Without question, the cost of living is through the roof. This increases household expenditure and stress. I have written in the past about the importance of doing a ‘cashflow analysis’ (still hate the word ‘budget’), check my website for this blog. However, one area of expenditure that is continuing to increase (aside from fuel), is food. The temptation is to look for ‘cheap’ alternatives which often leads to highly processed foods that come in a packet or a can.
If you sacrifice your nutrition, you will begin to impact your health and wellbeing. This in turn can lead to things like:
- Increased sickness/illness due to reduced consumption of basic nutrients and minerals
- Increase in body weight (weight gain)
- Headaches and tiredness
- Inability to concentrate
- Long term health problems if this way of eating is maintained
So here are a few hacks to eating healthy without breaking the bank:
- Only eat in season fruit and veg. This should be in abundance and with increased supply, the price should remain lower then when out of season and the items needs to be sourced from interstate, or worse still, overseas.
- Shop for your fruit and veg at farmers markets. Let’s cut out the middleman and go direct to the grower. Farmers markets will supply well priced organic fruit and veg (that is in season)

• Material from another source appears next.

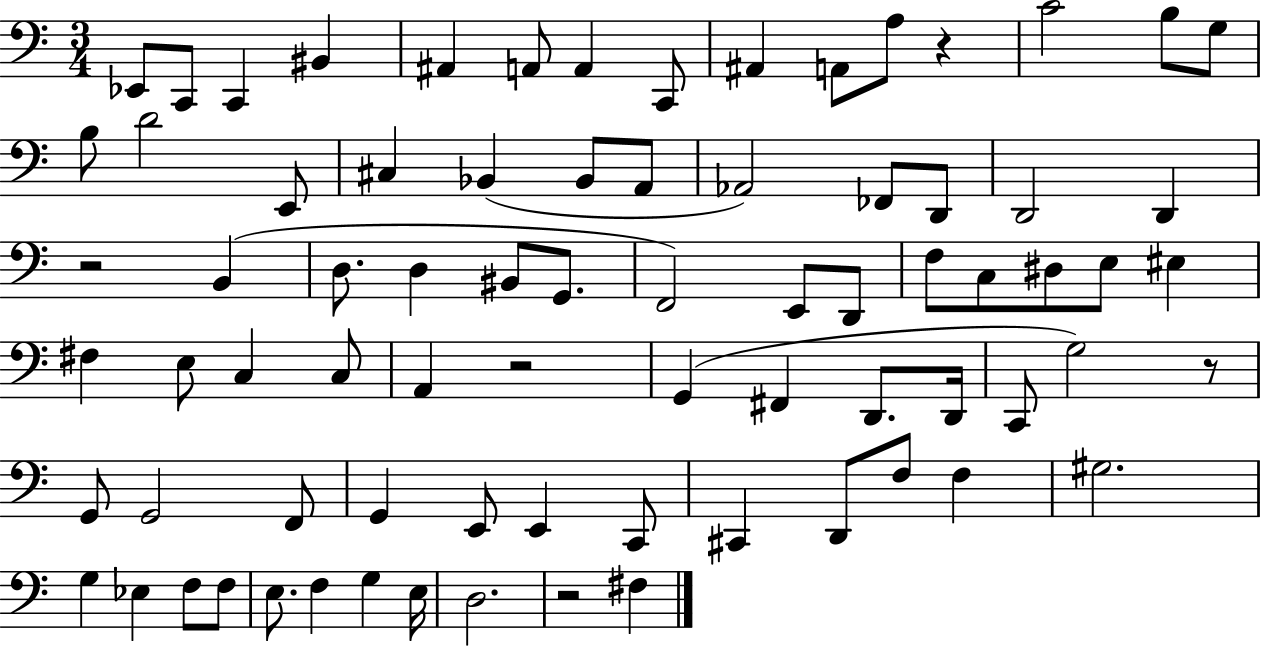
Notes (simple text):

Eb2/e C2/e C2/q BIS2/q A#2/q A2/e A2/q C2/e A#2/q A2/e A3/e R/q C4/h B3/e G3/e B3/e D4/h E2/e C#3/q Bb2/q Bb2/e A2/e Ab2/h FES2/e D2/e D2/h D2/q R/h B2/q D3/e. D3/q BIS2/e G2/e. F2/h E2/e D2/e F3/e C3/e D#3/e E3/e EIS3/q F#3/q E3/e C3/q C3/e A2/q R/h G2/q F#2/q D2/e. D2/s C2/e G3/h R/e G2/e G2/h F2/e G2/q E2/e E2/q C2/e C#2/q D2/e F3/e F3/q G#3/h. G3/q Eb3/q F3/e F3/e E3/e. F3/q G3/q E3/s D3/h. R/h F#3/q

- When walking down your shopping isle, look up and down. ???? The companies that pay the most to have prime spot on the shelves will be positioned at eye height. Look for alternative brands that are stocked higher up, or lower down.
- Meal prep is a great way to cut the cost of your weekly lunches. Buy in bulk and set aside some time on a Sunday night to prepare the meals for the week. Or freeze the meals and use them at dinner time.
- Buy your meat in bulk. Locate a farm that sells portions of beef (you can also source bulk pork). Buy a ¼, ½ or if you have a big enough freezer, buy a whole cow. Look for grass fed, grass finished and no antibiotics. Cuts the cost of meal by half.
- Don’t be wasteful. When foods like berries and bananas are getting a little ‘over ripe’, freeze them and use for cooking or smoothies.
Go back to how our parents and their parents used to eat. Times have been tough for other generations, but they ate well and cheap. They were not reliant on smashed avocado, Uber Eats and almond lattes.